A guy I know who’s been in the golf business a long time was earlier this summer contemplating the publication of a book about Prince Andrew’s involvement in golf. That was before what we might term the Jeffrey Epstein episode occurred. If you’ve been on another planet or are just totally Brexit-besotted, Epstein was an American financier with a 2008 conviction for paedophile offences with whom Prince Andrew was certainly friends (to the extent of maintaining a connection with him after Epstein’s release from prison) and allegedly, albeit robustly denied by HRH, the recipient of favours from young women steered his way by Epstein, who committed suicide on August 10 while being held in jail prior to facing charges of sex trafficking. I jokingly texted a mutual friend to suggest I couldn’t figure out whether this would be a really good time to be thinking of doing a book about the Duke of York or a really bad one. But I think we all know the answer to that.
At the height of this story in the news cycle, Prince Andrew was playing golf at Valderrama, venue of the 1997 Ryder Cup, in Spain. He is a past captain of the Royal & Ancient Golf Club, one year running up costs of £32,000 to the taxpayer by taking helicopter flights to St Andrews.
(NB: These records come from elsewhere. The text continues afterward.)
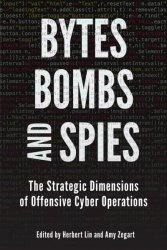 Bytes Bombs And Spies - The Future Of Offensive Cyber Operations Paperback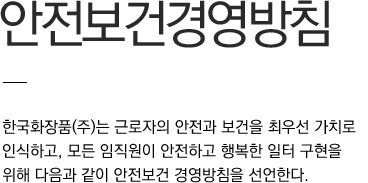 안전보건경영방침 한국화장품(주)는 근로자의 안전과 보건을 최우선 가치로 인식하고, 모든 임직원이 안전하고 행복한 일터 구현을 위해 다음과 같이 안전보건 경영방침을 선언한다.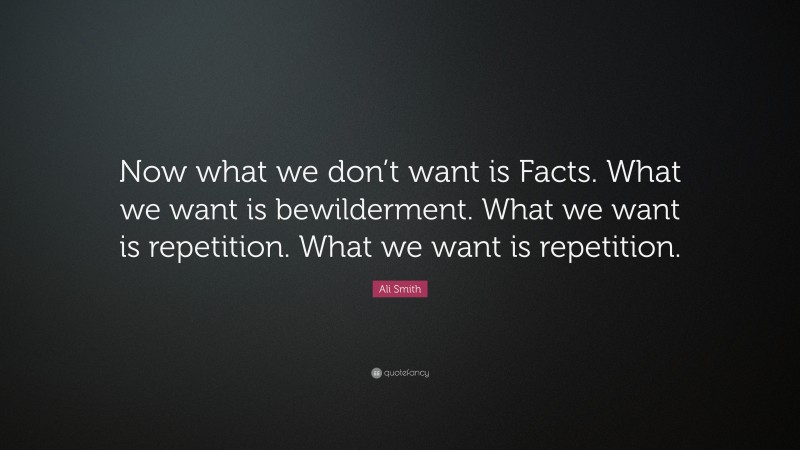 Ali Smith Quote: “Now what we don’t want is Facts. What we want is bewilderment. What we want is repetition. What we want is repetition.”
This gained him the nickname of ‘Air Miles Andy’, which is rather funny whereas his previous sobriquet of ‘Randy Andy’ now sounds slightly sinister. The fact that ‘Duke of Hazard’ is the current go-to epithet is both neat and obvious.
In The Times on Saturday there was a story about the Duke of York Young Champions Trophy, being held this week at Royal Portrush, where Prince Andrew had been among the attendees during the Open Championship in July. This event is a competition for golfers aged 18 under, both male and female. Understandably the club feels it cannot disinvite Prince Andrew but one member told the newspaper that “maybe it would be best for everyone if he decided he wasn’t able to come.” All considered, a photograph of him warmly congratulating a victorious girl participant is perhaps something best avoided. We shall see what happens.
My reference to his previous helicopter costs seems coincidentally contemporary with the revelation that Donald Trump may be investigated by US financial authorities over allegations that he might have been using government funds to help drive business at Prestwick Airport in Ayrshire, a facility which his nearby Turnberry resort rather depends on to attract American visitors to his course, which is awaiting news as to when it might next get the Open, having last staged it in 2009.
The US president is undoubtedly keen to know the outcome of the R&A’s deliberations on that matter, although it’s not one with which Prince Andrew will be involved. He doesn’t boast about his golf like Trump does, pretending he’s a better player than he really is (but then he’s a member of the royal family; not a property developer/reality TV show host), although that has not stopped others in the past overstating his prowess at the game, presumably intending to do so on the royal behalf. But as the issue at Portrush shows, if Prince Andrew has not fallen out of love with golf, then golf has with him. As shames go, however, that’s hardly in the league of what Jeffrey Epstein put many young women through.